I risultati di queste analisi suggeriscono che l’assenza di sistemi di scoring specifici per la stratificazione del rischio trombotico ed emorragico in soggetti non ospedalizzati, in base ai fattori di rischio noti, è probabilmente una delle principali cause della scarsa applicazione di una profilassi anticoagulante primaria in comunità. Nei pazienti non tumorali, lo IMPROVE-VTE e lo IMPROVE-bleed potrebbero rappresentare uno strumento potenzialmente utile nella valutazione del rischio trombotico e di quello emorragico, sebbene non siano stati validati per questo scopo.
Questa criticità trova la sua massima espressione nei pazienti neoplastici, nei quali l’eterogeneità del fenotipo trombotico si rende responsabile di numerosi bias di selezione, complicando ulteriormente il corretto l’utilizzo della profilassi primaria.
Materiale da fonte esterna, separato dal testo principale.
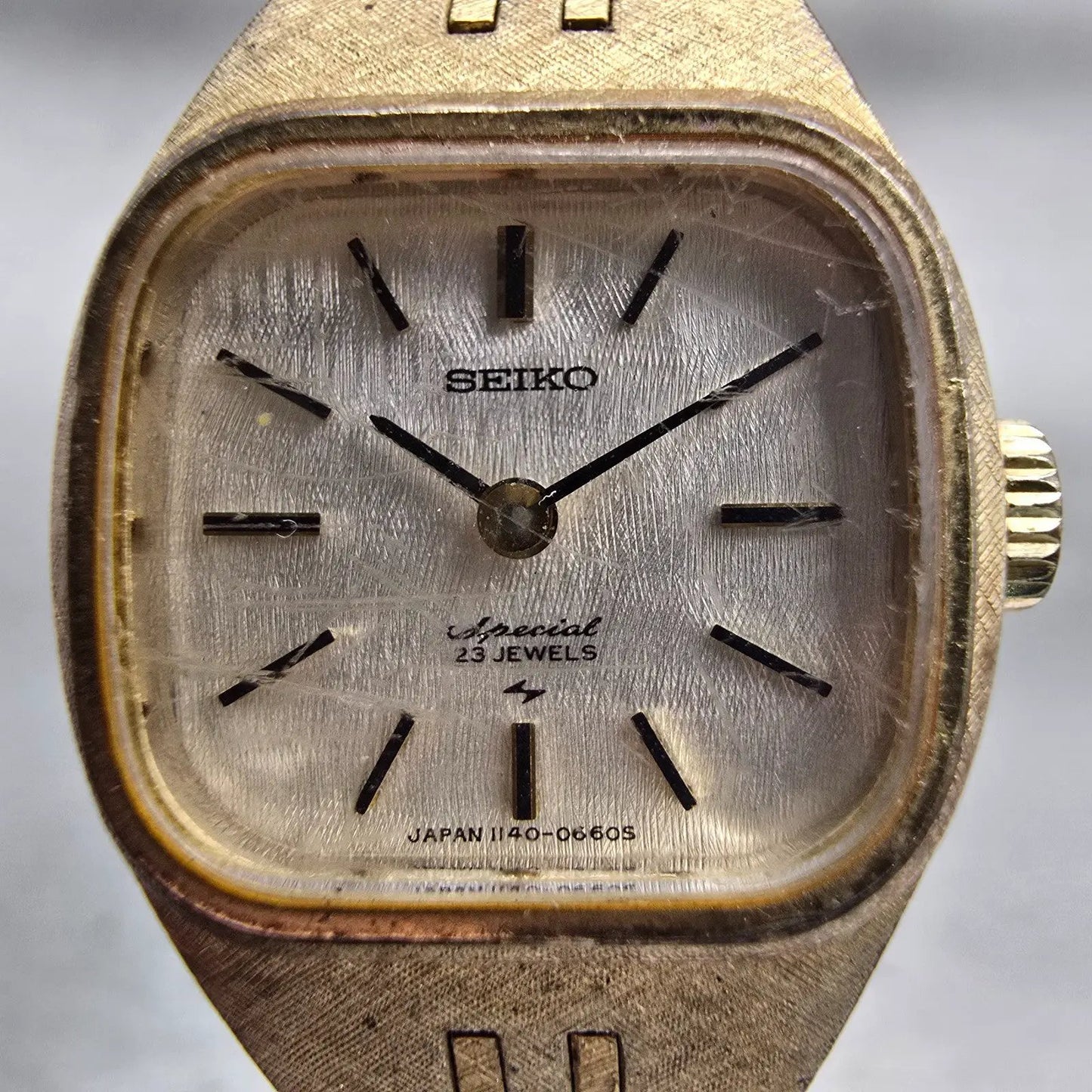 Seiko Special Watch Women 20mm Silver Dial Gold Tone Rectangle 1140-3240 Works1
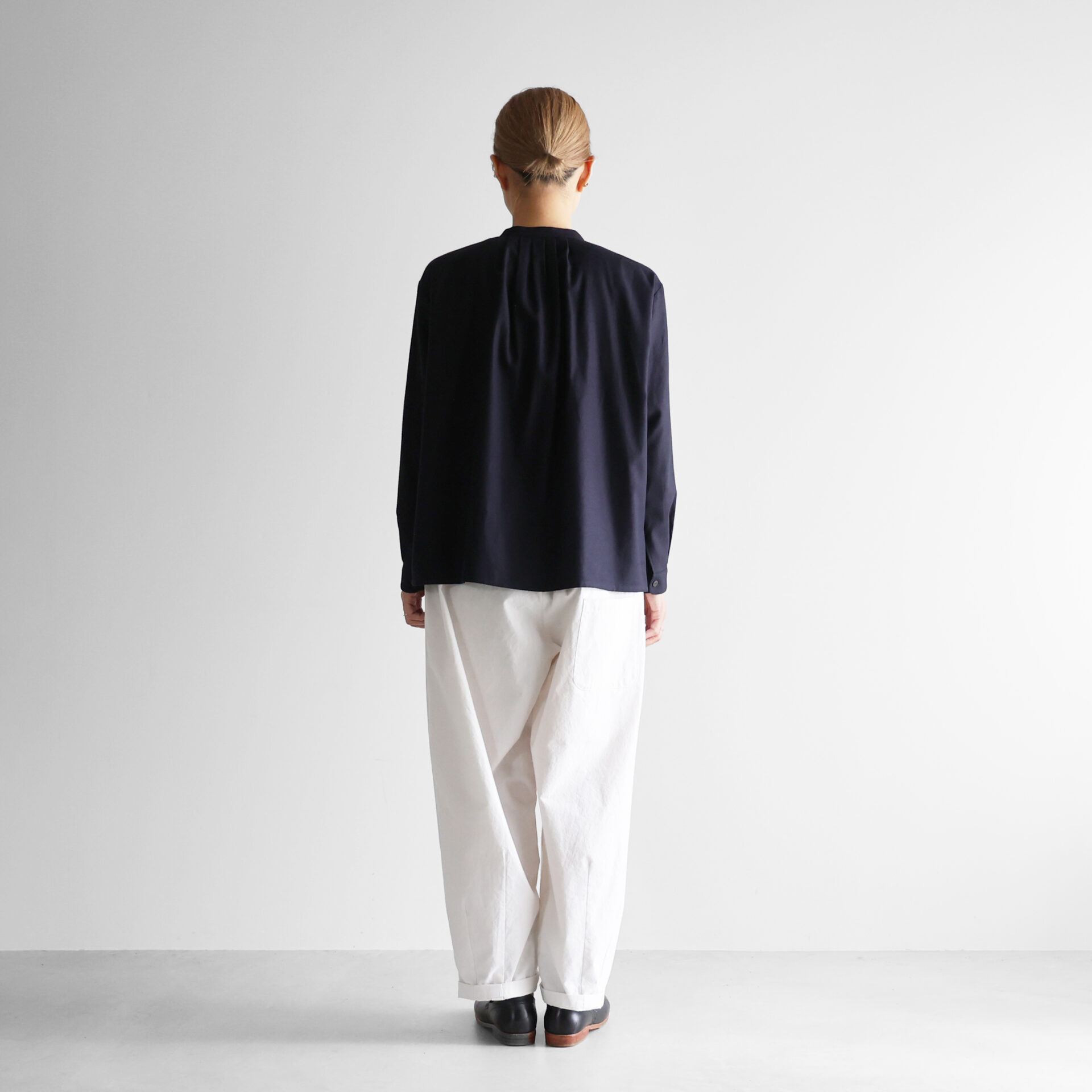 フランス綾タックブラウス U113をリリースしました／ – HUIS | 遠州織物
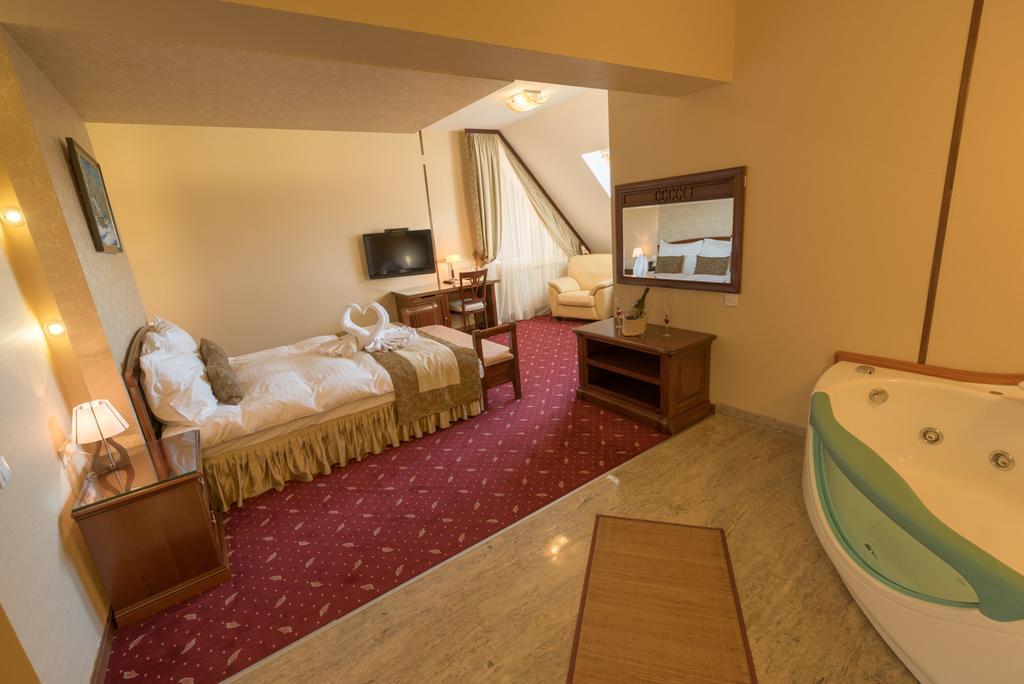 Edelweiss Poiana Hotels Poiana Brașov Zewnętrze zdjęcie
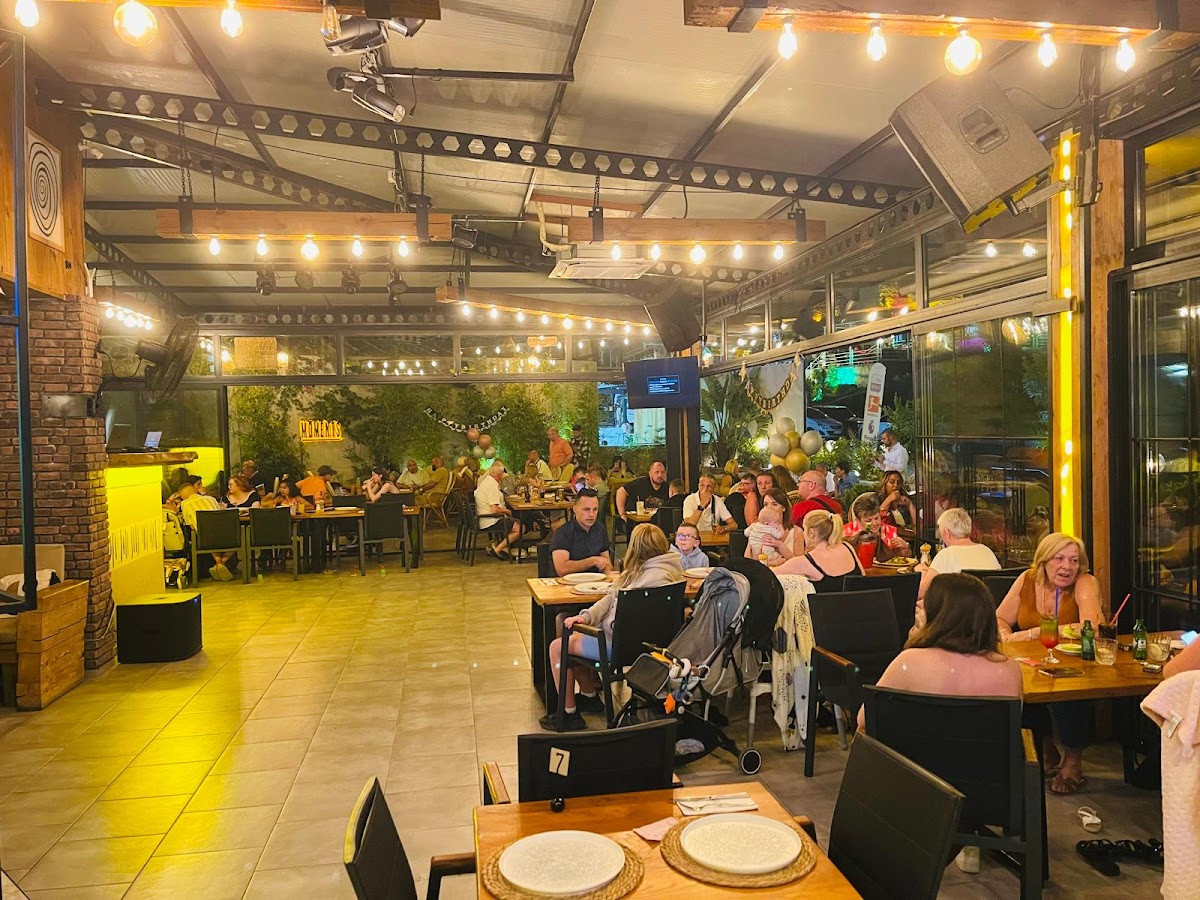 Moments Restaurant and Cocktail Bar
In questa categoria di pazienti, l’utilizzo routinario più esteso di risk score quali il Khorana e il Khorana modificato secondo Pabinger, permetterebbe una migliore stratificazione dei pazienti, consentendo almeno di individuare quelli con il rischio trombotico più elevato, data l’assenza di un analogo sistema per la valutazione del rischio emorragico. I pazienti così individuati sono quelli che potrebbero beneficiare maggiormente di una profilassi anticoagulante primaria.

Se i trial clinici attualmente in corso dovessero dimostrare la non inferiorità dei NAO rispetto alle EBPM nella profilassi e/o nel trattamento del tromboembolismo venoso nei pazienti neoplastici, avremo a disposizione una nuova opzione terapeutica. Per le loro caratteristiche (mono-somministrazione giornaliera per os, breve emivita di azione), gli anticoagulanti diretti potrebbero migliorare la compliance al trattamento in questa categoria di pazienti. Allo stato attuale però, le EBPM restano gli anticoagulanti di prima scelta nei pazienti con cancro. In ogni caso, l’assenza di interazioni farmacologiche, le intrinseche proprietà anti-tumorali e quasi un secolo di utilizzo in clinica, fanno sì che le eparine continuino ad essere un efficace strumento terapeutico anche nell’era dei nuovi farmaci anticoagulanti. Queste molecole risultano infatti ancora ampiamente utilizzate nel setting dell’emergenza, anche nei pazienti non tumorali.